Facebook Tries Letting You Message From Homepage Status Box To Battle Google Hangouts

Status Composer Messaging

Sources confirm Facebook will test the option to send private messages from its website’s homepage status composer to increase messaging rates. It will also help Facebook compete with Google, whose web chat presence is strong, and just combined its Gmail, Google+, and mobile chat systems into Hangouts. It’s a risky move, as users could accidentally post private messages as status updates.

Multiple sources say that starting with a small percentage of users, Facebook plans to integrate messaging into the prominent status update and photo uploading box that sits atop the homepage. Users will be able to switch between posting to the news feed and privately communicating with select friends. I’ve reached out to Facebook for an official confirmation and statement regarding the test of status composer messaging.

Currently, users have to click a relatively tiny, untitled messaging icon in the top right of the screen to start or continue a private message thread. That means users might forget or be less likely to send messages than if the feature was better highlighted.

Facebook Status Composer Messaging


The intention for status composer messaging is similar to that of the recently launched Chat Heads mobile feature, which overlays message conversation on top of all pages of the Facebook app for iOS and all apps on Android. Facebook hopes to increase the pace of conversations that generate notifications and speedy return visits from their participants on the web and mobile.

Getting people to return to its site and apps more frequently forwards Facebook’s mission and business model. Conversations create more intimate connections between friends, and the return visits for messaging can lead to browsing of the news feed where Facebook shows ads. The plan follows Facebook recently adding a “Post” button to the the persistently visible navigation bar at the top of its website. It encourages users to share more by letting them compose a post from any screen on the site.

Facebook Only Me Messaging

Status composer messaging creates a critical user experience design challenge. If it’s not clear whether users are posting to the feed or messaging privately, they might mistakenly expose a message to all of their friends when then meant it to be seen by just one person. Expect Facebook to use some kind of highly noticeable design flags to signify the difference. Facebook already adds a striped border to the status box when you set the privacy on a post to “Only Me”.
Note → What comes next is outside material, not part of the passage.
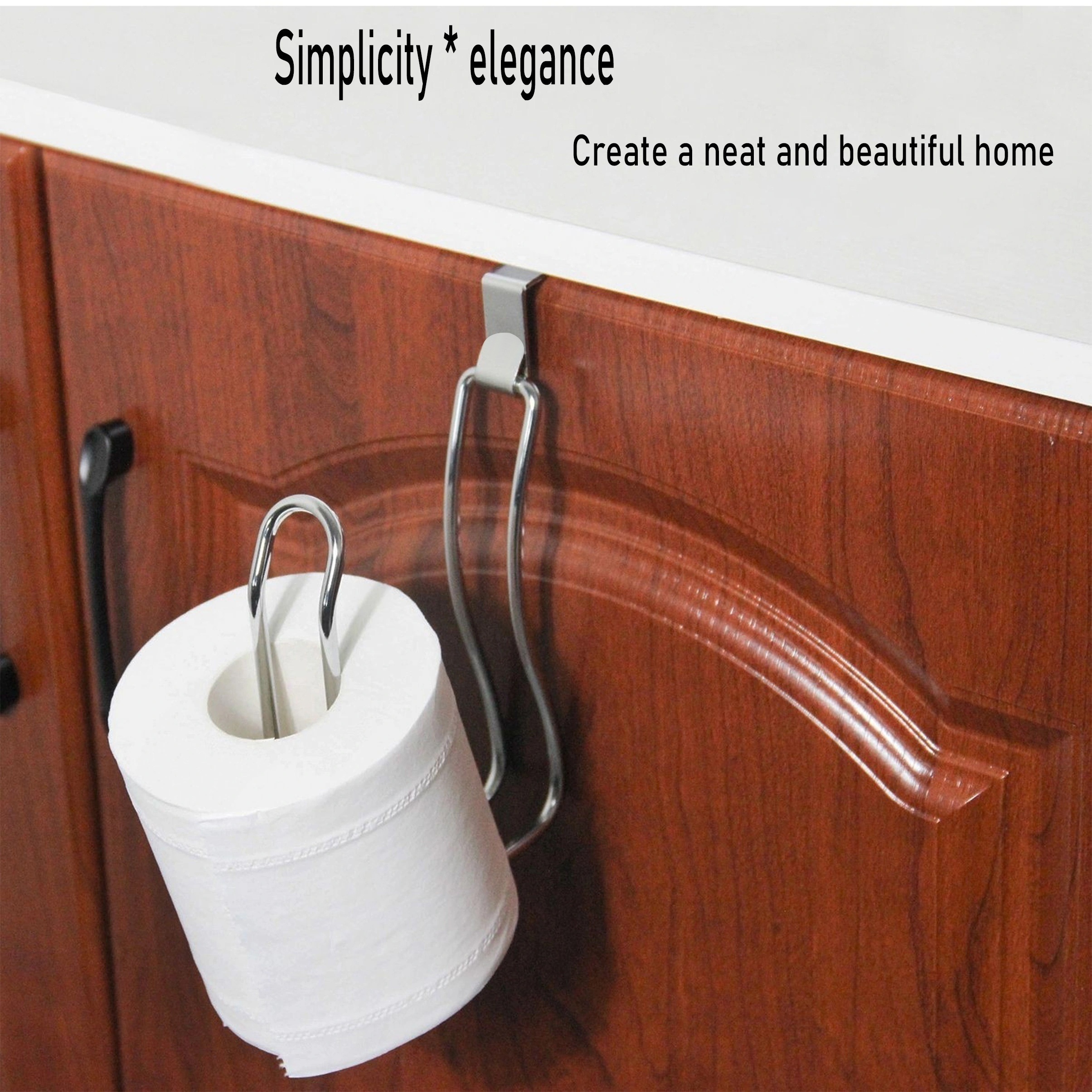 Command hook paper online towel holder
Making sure it gets this right is likely one of the reasons the feature will start as a small test. If it gets negative feedback or sees people quickly deleting posts and then resending them privately, it might scrap the the plan for status composer messaging.


Cross-platform messaging has become a hotly contested space. While independent, mobile-first messaging apps are nipping at their heels, Apple, Google, and Facebook are focusing on systems that sync web and mobile communication.

Apple’s iMessage is a popular SMS replacement for iPhone to iPhone messaging, but its desktop app has less traction. Google excels on the web, with the long-running Google Talk aka GChat in Gmail linking users as they spend hours emailing. Now it’s trying to drive Google+ adoption and mobile with the unified Hangouts messenger it unveiled at Google I/O last month. That app has the advantage of free group video chat.


Facebook launched its cross-platform messaging system in 2010, and its become quite popular. It turned its acquisition Beluga into Facebook Messenger, a mobile app that’s evolved to offer location sharing, VoIP, and recorded audio messages. It works seamlessly with Facebook’s desktop Chat system, which benefits from the large amounts of time users spend on the social network’s site. Facebook’s weakness is that it doesn’t own a mobile operating system or prevalent hardware line. That puts it in danger as Apple and Google could box it out by more deeply integrating cross-platform messaging into the default SMS apps on iOS and Android.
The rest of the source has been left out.